Exploiting synthetic lethality in DNA repair for cancer therapy
Thomas Helleday
Gray Institute for Radiation Oncology and Biology, University of Oxford, UK
DNA repair and damage response pathways are activated as a tumour barrier at early stages during cancer development. Here, we show that oncogene-induced senescence is associated with signs of DNA replication stress, including prematurely terminated DNA replication forks and DNA double strand breaks. A new concept for cancer therapy is to amplify endogenous tumour-specific DNA lesions, to specifically kill tumour cells.
Based on this concept we report that BRCA2 defective breast cancers can be specifically targeted using inhibitors of Poly(ADP-ribose) polymerase (PARP). We show that BRCA2 deficient cells, as a result of their recombination deficiency, are acutely sensitive to PARP inhibitors, presumably because resultant collapsed forks are no longer repaired. We exploit this requirement to specifically kill BRCA2 deficient tumours by PARP inhibition alone.

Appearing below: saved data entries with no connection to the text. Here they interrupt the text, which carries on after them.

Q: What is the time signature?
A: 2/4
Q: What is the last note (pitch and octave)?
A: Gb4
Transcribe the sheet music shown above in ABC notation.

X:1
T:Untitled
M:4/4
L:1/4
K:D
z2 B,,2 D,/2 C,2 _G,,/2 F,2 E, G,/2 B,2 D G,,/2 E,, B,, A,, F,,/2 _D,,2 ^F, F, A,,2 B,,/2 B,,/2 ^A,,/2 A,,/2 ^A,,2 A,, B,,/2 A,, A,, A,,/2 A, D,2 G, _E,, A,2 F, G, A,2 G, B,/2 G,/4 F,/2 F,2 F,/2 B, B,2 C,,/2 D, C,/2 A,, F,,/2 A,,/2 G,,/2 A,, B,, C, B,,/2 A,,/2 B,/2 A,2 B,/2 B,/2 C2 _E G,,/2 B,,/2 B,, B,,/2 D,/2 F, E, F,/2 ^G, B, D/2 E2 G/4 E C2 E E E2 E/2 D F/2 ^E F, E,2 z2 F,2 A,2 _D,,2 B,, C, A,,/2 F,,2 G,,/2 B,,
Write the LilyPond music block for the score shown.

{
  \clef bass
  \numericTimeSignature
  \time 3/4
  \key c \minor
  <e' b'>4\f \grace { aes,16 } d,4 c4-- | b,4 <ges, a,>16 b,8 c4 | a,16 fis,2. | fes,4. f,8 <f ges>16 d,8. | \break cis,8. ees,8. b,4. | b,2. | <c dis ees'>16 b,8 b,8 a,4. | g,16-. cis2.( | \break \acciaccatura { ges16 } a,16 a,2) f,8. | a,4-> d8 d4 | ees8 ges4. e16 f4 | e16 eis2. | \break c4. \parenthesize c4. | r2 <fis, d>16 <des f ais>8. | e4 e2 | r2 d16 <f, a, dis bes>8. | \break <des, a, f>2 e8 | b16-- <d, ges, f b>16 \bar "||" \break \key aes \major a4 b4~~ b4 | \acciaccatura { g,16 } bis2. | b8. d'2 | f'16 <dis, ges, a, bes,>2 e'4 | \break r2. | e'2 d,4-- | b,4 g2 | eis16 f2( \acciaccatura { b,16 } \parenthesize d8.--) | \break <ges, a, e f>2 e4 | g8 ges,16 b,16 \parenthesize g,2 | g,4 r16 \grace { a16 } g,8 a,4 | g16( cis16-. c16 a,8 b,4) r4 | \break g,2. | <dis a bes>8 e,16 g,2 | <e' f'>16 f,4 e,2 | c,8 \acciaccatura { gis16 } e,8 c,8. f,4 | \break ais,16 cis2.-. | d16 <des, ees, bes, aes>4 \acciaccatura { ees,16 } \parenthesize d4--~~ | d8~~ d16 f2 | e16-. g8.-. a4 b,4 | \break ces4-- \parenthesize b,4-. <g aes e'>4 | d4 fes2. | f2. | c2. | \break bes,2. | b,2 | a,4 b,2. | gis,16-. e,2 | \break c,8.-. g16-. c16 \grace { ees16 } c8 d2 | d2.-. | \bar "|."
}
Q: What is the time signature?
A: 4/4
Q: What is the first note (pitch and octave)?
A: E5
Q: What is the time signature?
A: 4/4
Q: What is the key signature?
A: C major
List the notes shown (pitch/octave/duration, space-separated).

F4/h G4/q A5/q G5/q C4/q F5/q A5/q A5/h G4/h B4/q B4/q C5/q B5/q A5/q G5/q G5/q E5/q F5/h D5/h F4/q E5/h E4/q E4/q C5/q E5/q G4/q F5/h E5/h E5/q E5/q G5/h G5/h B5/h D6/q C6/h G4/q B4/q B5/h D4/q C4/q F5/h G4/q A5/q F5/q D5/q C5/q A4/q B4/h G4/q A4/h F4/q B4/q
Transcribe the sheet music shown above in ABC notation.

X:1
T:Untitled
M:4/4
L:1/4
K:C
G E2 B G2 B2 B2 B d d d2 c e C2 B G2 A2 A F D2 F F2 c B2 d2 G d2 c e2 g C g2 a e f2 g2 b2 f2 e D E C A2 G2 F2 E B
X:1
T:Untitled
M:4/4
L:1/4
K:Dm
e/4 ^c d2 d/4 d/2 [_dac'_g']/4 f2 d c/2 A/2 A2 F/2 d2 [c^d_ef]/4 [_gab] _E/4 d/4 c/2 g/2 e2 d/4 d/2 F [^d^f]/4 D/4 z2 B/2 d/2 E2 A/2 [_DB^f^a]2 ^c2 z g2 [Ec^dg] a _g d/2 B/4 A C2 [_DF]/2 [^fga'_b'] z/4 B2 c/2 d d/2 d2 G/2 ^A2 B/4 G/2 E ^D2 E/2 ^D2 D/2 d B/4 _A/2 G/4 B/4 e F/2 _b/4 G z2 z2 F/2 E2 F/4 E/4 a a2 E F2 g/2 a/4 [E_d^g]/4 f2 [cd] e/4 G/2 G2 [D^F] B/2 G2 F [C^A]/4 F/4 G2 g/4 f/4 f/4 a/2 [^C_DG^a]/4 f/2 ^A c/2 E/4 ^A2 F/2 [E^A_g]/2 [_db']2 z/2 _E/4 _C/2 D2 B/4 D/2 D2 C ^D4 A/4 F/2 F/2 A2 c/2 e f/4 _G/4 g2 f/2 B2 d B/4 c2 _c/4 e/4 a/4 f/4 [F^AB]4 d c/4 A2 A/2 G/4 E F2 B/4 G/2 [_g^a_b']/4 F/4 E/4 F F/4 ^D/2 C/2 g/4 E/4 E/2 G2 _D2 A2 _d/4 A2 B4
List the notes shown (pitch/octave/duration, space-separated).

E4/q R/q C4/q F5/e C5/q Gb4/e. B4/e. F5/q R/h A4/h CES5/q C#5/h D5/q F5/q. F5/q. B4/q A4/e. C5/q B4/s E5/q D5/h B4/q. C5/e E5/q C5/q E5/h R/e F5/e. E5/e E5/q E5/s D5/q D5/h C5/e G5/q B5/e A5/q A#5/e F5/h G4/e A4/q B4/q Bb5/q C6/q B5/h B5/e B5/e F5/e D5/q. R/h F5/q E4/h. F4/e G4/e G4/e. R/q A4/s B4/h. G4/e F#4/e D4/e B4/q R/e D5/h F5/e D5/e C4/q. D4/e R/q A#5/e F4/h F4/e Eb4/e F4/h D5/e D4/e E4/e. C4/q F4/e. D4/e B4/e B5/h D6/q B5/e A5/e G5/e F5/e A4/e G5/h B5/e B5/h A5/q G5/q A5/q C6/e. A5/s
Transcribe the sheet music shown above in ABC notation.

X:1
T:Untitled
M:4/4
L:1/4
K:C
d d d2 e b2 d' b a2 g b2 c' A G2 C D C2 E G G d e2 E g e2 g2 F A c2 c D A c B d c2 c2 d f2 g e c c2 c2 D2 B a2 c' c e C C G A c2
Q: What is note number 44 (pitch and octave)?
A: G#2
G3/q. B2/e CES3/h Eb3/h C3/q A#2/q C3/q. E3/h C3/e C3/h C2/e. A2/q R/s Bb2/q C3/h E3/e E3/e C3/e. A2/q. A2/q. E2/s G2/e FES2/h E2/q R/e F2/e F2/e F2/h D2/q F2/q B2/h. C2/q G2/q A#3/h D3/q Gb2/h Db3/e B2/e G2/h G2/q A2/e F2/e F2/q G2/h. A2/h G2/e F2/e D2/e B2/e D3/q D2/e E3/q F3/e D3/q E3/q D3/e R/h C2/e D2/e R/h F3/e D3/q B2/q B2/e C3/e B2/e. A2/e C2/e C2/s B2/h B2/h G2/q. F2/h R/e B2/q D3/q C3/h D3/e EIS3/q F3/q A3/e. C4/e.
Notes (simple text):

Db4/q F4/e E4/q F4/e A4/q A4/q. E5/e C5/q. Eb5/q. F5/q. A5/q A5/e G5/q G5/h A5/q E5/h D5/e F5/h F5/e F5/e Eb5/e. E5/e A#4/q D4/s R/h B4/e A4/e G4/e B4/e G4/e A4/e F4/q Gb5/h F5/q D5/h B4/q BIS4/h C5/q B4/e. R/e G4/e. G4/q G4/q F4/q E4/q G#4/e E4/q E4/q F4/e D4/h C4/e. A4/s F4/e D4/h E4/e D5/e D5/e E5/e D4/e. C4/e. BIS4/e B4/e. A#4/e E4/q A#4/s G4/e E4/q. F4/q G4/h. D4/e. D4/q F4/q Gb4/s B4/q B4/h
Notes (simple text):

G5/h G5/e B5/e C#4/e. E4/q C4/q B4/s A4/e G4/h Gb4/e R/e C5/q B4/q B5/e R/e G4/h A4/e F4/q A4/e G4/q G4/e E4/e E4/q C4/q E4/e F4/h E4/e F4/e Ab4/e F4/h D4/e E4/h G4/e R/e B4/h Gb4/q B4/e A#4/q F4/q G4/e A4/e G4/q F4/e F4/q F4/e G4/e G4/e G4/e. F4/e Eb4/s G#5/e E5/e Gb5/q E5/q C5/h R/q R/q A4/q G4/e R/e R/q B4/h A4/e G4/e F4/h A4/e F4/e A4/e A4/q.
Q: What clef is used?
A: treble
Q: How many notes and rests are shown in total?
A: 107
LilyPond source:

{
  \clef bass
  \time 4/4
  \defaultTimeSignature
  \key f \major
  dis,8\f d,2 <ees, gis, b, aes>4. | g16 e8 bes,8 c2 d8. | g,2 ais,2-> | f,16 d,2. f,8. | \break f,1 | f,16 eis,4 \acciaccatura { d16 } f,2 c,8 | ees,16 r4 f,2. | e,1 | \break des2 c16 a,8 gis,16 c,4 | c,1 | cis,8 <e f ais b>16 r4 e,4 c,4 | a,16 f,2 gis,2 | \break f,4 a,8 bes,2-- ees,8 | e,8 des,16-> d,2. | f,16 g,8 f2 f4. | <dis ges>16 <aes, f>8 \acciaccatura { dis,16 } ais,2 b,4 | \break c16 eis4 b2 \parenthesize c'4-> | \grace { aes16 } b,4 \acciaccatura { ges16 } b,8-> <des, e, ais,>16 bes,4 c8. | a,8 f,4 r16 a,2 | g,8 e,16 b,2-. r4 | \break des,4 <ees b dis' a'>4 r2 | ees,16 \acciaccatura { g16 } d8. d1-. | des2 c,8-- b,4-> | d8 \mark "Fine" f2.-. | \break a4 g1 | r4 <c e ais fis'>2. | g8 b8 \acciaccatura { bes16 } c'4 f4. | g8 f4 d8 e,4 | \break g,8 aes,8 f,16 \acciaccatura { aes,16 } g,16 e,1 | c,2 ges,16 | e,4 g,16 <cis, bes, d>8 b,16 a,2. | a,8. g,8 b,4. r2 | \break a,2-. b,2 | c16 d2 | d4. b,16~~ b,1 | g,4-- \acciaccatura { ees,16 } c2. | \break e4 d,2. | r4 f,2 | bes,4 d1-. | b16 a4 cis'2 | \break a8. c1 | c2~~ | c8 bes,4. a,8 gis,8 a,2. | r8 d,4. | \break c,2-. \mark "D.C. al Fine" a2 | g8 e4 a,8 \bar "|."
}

When replication forks stall, a multifaceted response, including several DNA repair and cell cycle checkpoint pathways, is activated in order to ensure faithful DNA replication. Here, we show that PARP1 binds to and is activated by stalled replication forks. PARP1 collaborates with Mre11 to promote replication fork restart following release from replication blocks, most likely through Mre11-mediated resection of DNA. Both PARP1 and PARP2 are required for subsequent homologous recombination to promote cell survival following replication blocks. Our data suggest that PARP1 and PARP2 act as sensors of replication stress and are required for Mre11-mediated restart and recombination repair of stalled replication forks.